Tornato anzitempo e scoprendo la loro fuga, Eöl si recò nel Thargelion, dove fu catturato dalle guardie di Curufin, il quale gli si rivolse con parole sprezzanti, accusandolo di aver preso in moglie la discendente di una grande famiglia dei Noldor senza la benedizione dei suoi parenti, lui che apparteneva a una cenciosa casata di abitatori dei boschi. Proprio Curufin si rivolse a Eöl chiamandolo Moredhel (‘Elfo Scuro’), un nome con cui sarà ricordato nelle tristi storie che lo riguardano. Nonostante il disprezzo, lo lasciò andare, non senza prima avergli detto che la sua cerca, condotta contro il volere di coloro che inseguiva, lo avrebbe condotto in una via senza ritorno.
Eöl, intuendo che Aredhel e Maeglin non potevano che essere diretti alla corte di re Turgon, si mise sulle loro tracce, percorrendo verso ovest tutto il confine settentrionale del Doriath.
E lungo questa strada, inoltratosi tra i monti cerchianti, per qualche gioco del Fato giunse ai cancelli di Gondolin.
Qui fu catturato dalle guardie del re e tradotto al cospetto di Turgon, che nel frattempo aveva accolto nuovamente sua sorella, e fatto sede suo nipote al suo fianco come un grande tra i Noldor.
E ciò Eöl non poteva sopportarlo, esacerbato com’era dal tradimento subito e ancora capace di accusare Turgon del massacro di Alqualondë in cui molti suoi lontani parenti morirono.
Solo la dolcezza di Aredhel e di Idril Celebrindal, figlia del Re, gli valsero la grazia. Ma restio ad accettare il perdono dagli odiati Noldor, diede di piglio a un giavellotto avvelenato e lo scagliò contro Maeglin. Ma Aredhel si frappose – forse proprio a causa dell’incantesimo di cui era stata vittima – e fu lei a venir colpita, morendo poco dopo.
Tale fu il dolore provato da Turgon, che più nulla valse. Eöl fu trascinato all’alto Caragdûr ed ivi, mentre ancora malediva il figlio, gettato sulle rocce sottostanti. Così morì, nell’anno 400 della Prima Era del Mondo.
E com’era destino che fosse, le sue parole istillarono un’ombra sulla felicità di Gondolin, di cui Maeglin si renderà un giorno protagonista, tramutando il proprio amore per Idril in desiderio di vendetta verso Turgon e Tuor che la prese in moglie.
Una nota aggiuntiva merita l’abilità di Eöl come fabbro.
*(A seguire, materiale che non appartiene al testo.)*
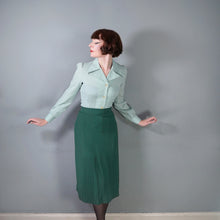 Load image into Gallery viewer, 70s does 40s FITTED PUFF SLEEVE SEA GREEN BLOUSE WITH HUGE COLLAR - XS-S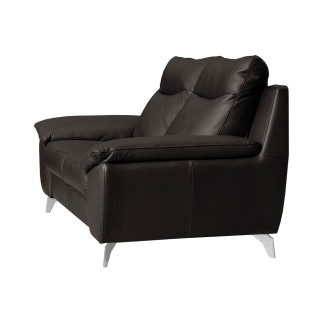 Canapé taille 2 places en 100% tout cuir épais de luxe italien, PERLA, chocolat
Tale era infatti la sua bravura nell’arte dei metalli da essere in grado di lavorare anche le dure pietre cadute dal cielo. Fu proprio da uno di questi meteoriti che Eöl produsse il Galvorn, un metallo duro come l’acciaio ma malleabile come il ferro, con il quale fabbricò due armi poi divenute celebri tra Elfi e Uomini.
La prima fu la spada spada Anguirel (la “Spada dell’eterna stella”), che fu brandita da se stesso e da suo figlio Maeglin, e che andò perduta nella caduta di Gondolin. La seconda fu Anglachel (il “Ferro Fiammeggiante”), la spada di cui fece dono a Thingol del Doriath e che questi donò a Beleg Cúthalion, il suo più possente guerriero.
Fu questa spada che, quando Beleg fu involontariamente ucciso dal proprio amico Túrin, venne riforgiata nella lama da lì in avanti conosciuta come Gurthang, “Ferro di Morte” con la quale Turambar uccise Glaurung per poi suicidarsi su di essa, spezzandola con il proprio peso.